> **ASSIGNMENT**
Every entry that follows is to be set down exactly, with its pictures omitted.

________________

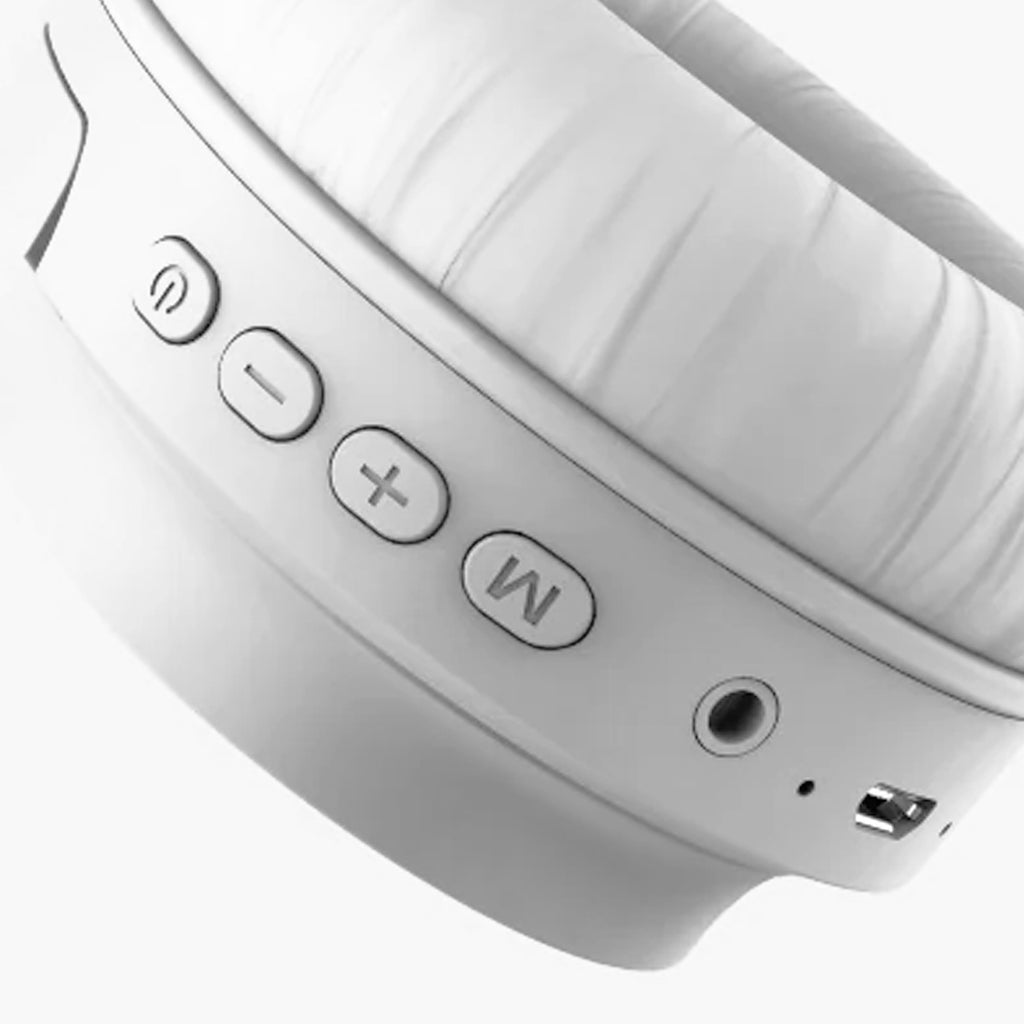 Headset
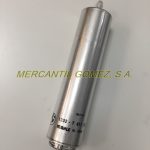 MG00494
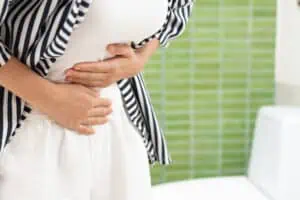 vracanie a hnacky homeopatika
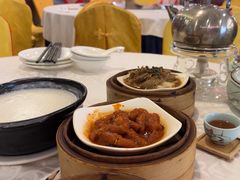 -御满江海鲜酒家(洛溪新城店)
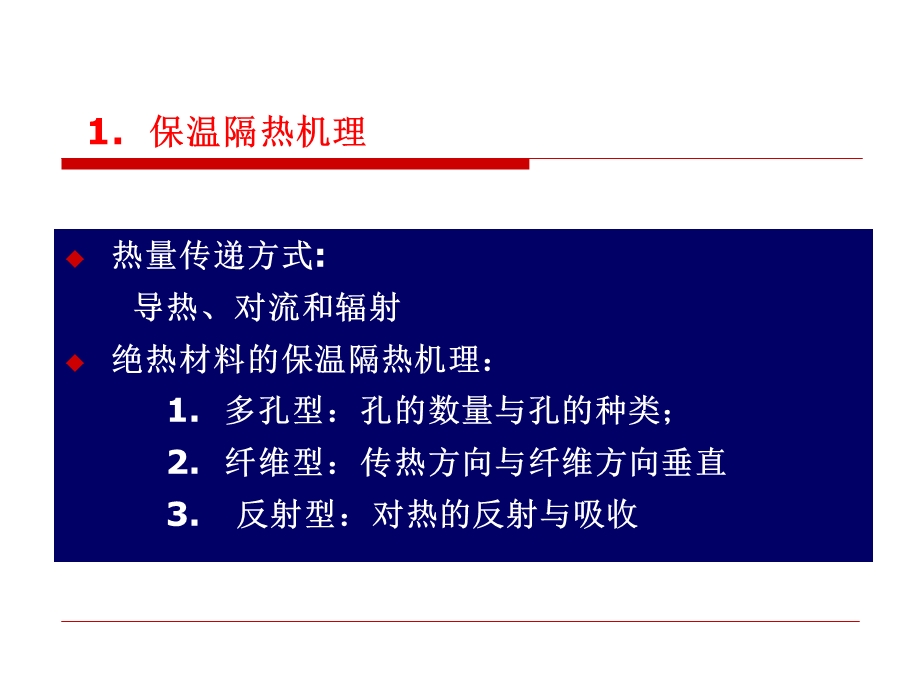 保温隔热材料和隔声材料.ppt_第3页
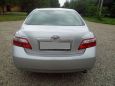  Toyota Camry 2007 , 630000 , 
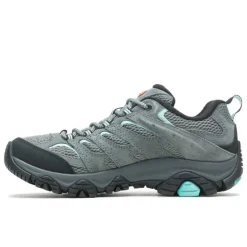Merrell Moab 3 GTX Sedona Sage Women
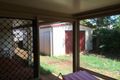 Property photo of 13 Swartz Street Kearneys Spring QLD 4350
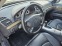 Обява за продажба на Mercedes-Benz E 270 2.7cdi 177p.s ~7 500 лв. - изображение 7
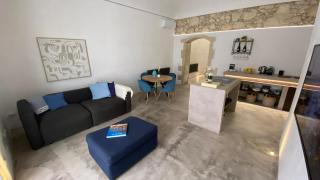 Loft Santa Lucia - Syracuse - 6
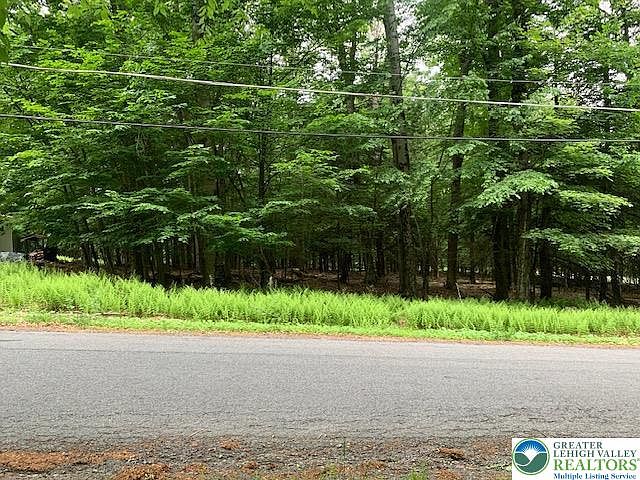 1st image of 75B Fawnwood Cir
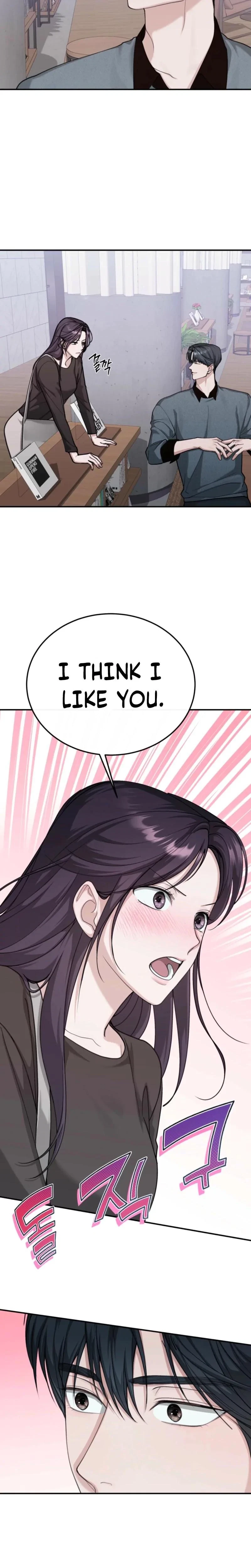 Chapter 22, page 14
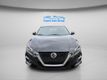 2019 NISSAN ALTIMA 2.5 S Sedan - 22952918 - 7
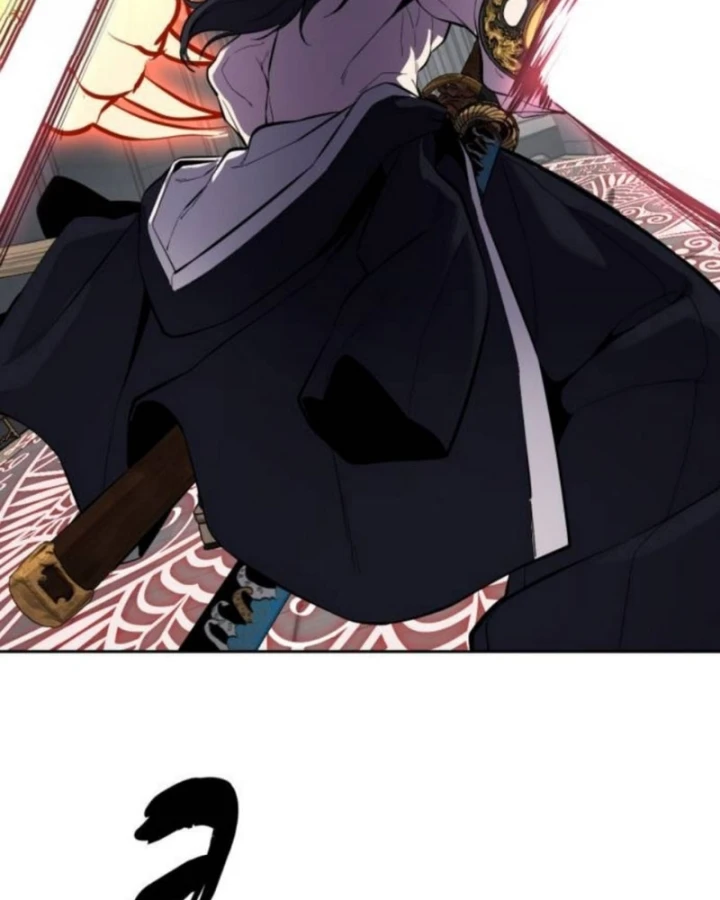 Cậu Bé Của Thần Chết Chapter 316 - 103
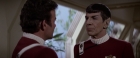 Filename=ariane179254_StarTrekII_TheWrathOfKhan_DC_0371.jpg
Filesize=111KiB
Dimensions=1920x800
Date added=Jun 17, 2016 ariane179254_StarTrekII_TheWrathOfKhan_DC_0371.jpg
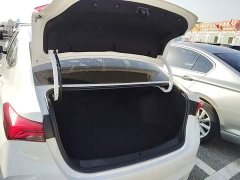 Buick Verano Pro 533T Comfort Edition - ფოტო 18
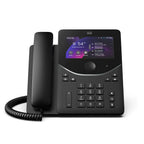 Cisco 9871 - Carbon Black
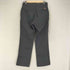 ディッキーズ Dickies ワークパンツ メンズ 30×30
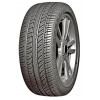 Evergreen Tyre EU72 (235/40R19 96W) - зображення 1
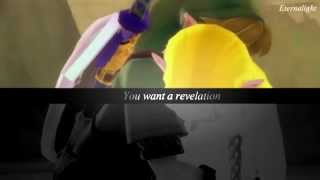 N Ο L I G H T Ss Zelink
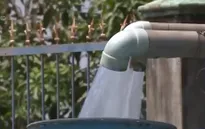 Tìm giải pháp cấp nước sạch ở Nam Bộ: Vẫn còn loay hoay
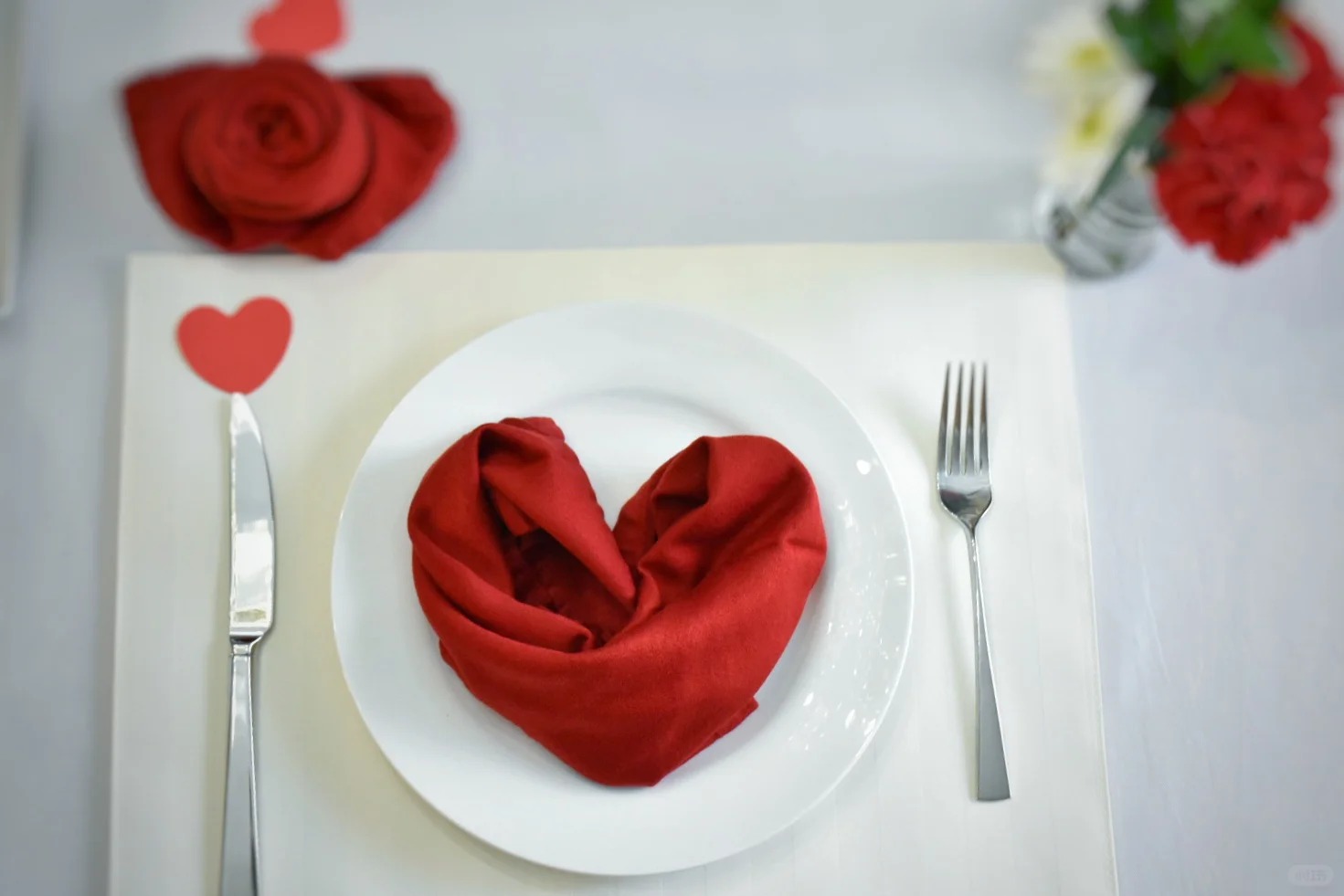 情人節(jié)晚餐_1_Qiaoli E_來(lái)自小紅書(shū)網(wǎng)頁(yè)版.jpg 情人節(jié)晚餐_1_Qiaoli E_來(lái)自小紅書(shū)網(wǎng)頁(yè)版.jpg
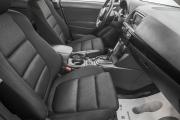 Mazda CX-5 I Барнаул  - изображение 49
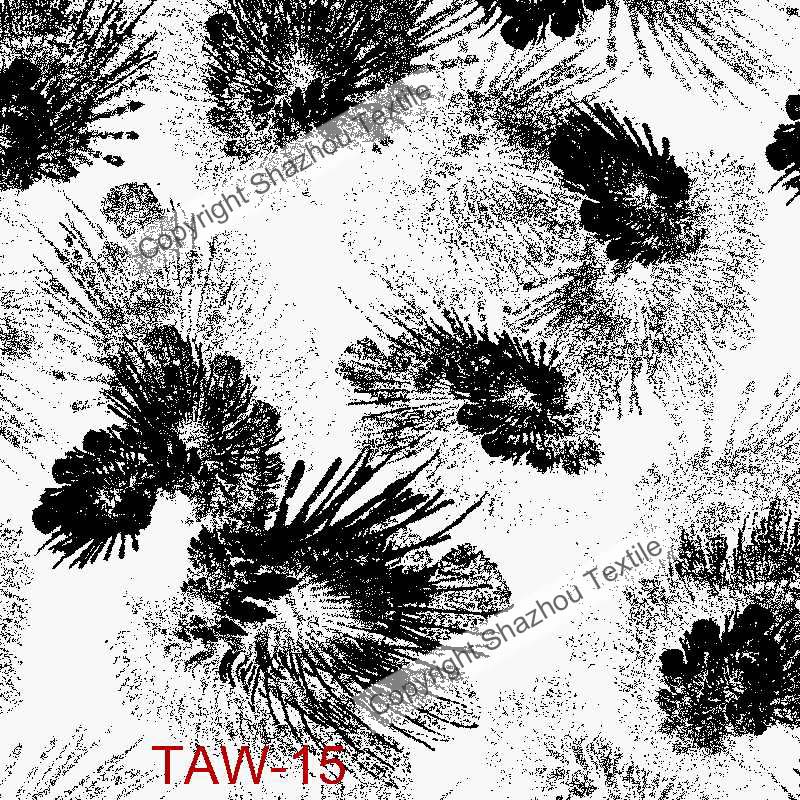 TAW-15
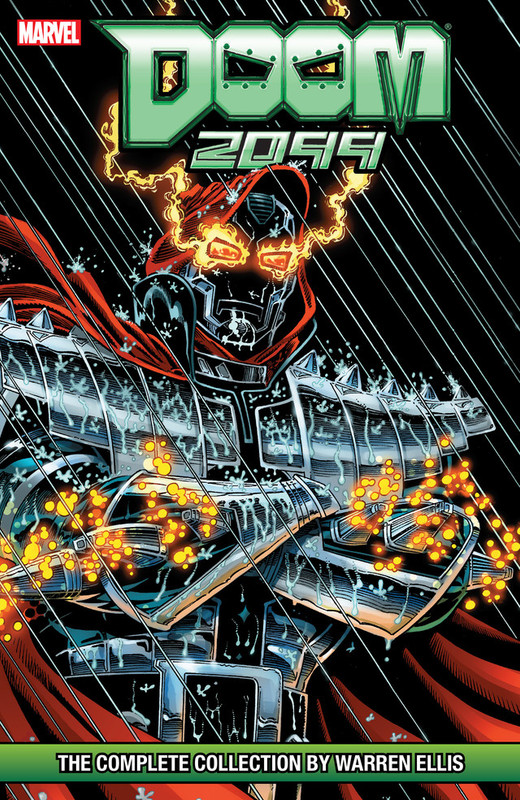 Doom-2099-c024-OShot-p000-Cover-dig-Marvel-Comics-danke-Empire-HQ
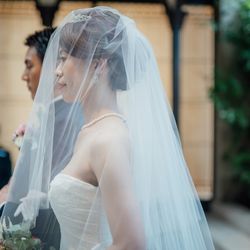 ザ・カワブンナゴヤの写真36枚目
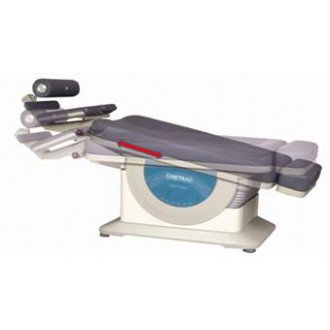 Тракционный комплекс Hanmed Kinetrac KNX 7000 в 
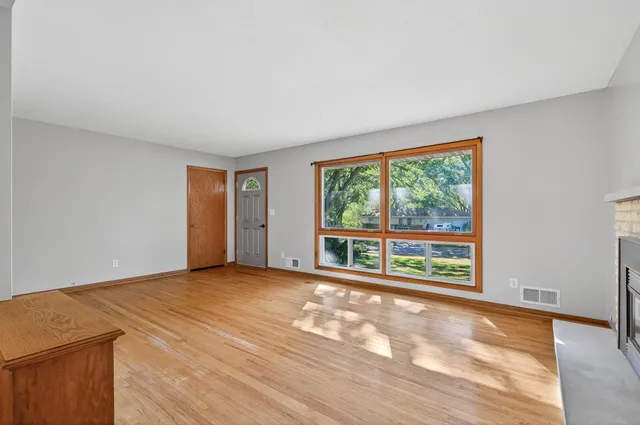 $374,999 | 1765 Garland Lane North, Plymouth, MN 55447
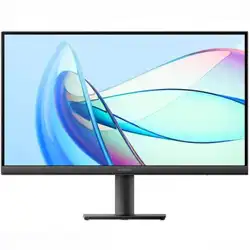 Монитор Xiaomi A22i ELA5230EU (21.5 ", VA, FHD 1920x1080 (16:9), 75 Гц)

________________

> **TASK RESPONSE**
 Headset
 MG00494
 vracanie a hnacky homeopatika
 -御满江海鲜酒家(洛溪新城店)
 保温隔热材料和隔声材料.ppt_第3页
  Toyota Camry 2007 , 630000 , 
Merrell Moab 3 GTX Sedona Sage Women
 Property photo of 13 Swartz Street Kearneys Spring QLD 4350
 Обява за продажба на Mercedes-Benz E 270 2.7cdi 177p.s ~7 500 лв. - изображение 7
 Loft Santa Lucia - Syracuse - 6
 1st image of 75B Fawnwood Cir
 Chapter 22, page 14
 2019 NISSAN ALTIMA 2.5 S Sedan - 22952918 - 7
 Cậu Bé Của Thần Chết Chapter 316 - 103
 Filename=ariane179254_StarTrekII_TheWrathOfKhan_DC_0371.jpg
Filesize=111KiB
Dimensions=1920x800
Date added=Jun 17, 2016 ariane179254_StarTrekII_TheWrathOfKhan_DC_0371.jpg
 Buick Verano Pro 533T Comfort Edition - ფოტო 18
 Cisco 9871 - Carbon Black
 ディッキーズ Dickies ワークパンツ メンズ 30×30
 Evergreen Tyre EU72 (235/40R19 96W) - зображення 1
 N Ο L I G H T Ss Zelink
 Tìm giải pháp cấp nước sạch ở Nam Bộ: Vẫn còn loay hoay
 情人節(jié)晚餐_1_Qiaoli E_來(lái)自小紅書(shū)網(wǎng)頁(yè)版.jpg 情人節(jié)晚餐_1_Qiaoli E_來(lái)自小紅書(shū)網(wǎng)頁(yè)版.jpg
 Mazda CX-5 I Барнаул  - изображение 49
 TAW-15
 Doom-2099-c024-OShot-p000-Cover-dig-Marvel-Comics-danke-Empire-HQ
 ザ・カワブンナゴヤの写真36枚目
 Тракционный комплекс Hanmed Kinetrac KNX 7000 в 
 $374,999 | 1765 Garland Lane North, Plymouth, MN 55447
 Монитор Xiaomi A22i ELA5230EU (21.5 ", VA, FHD 1920x1080 (16:9), 75 Гц)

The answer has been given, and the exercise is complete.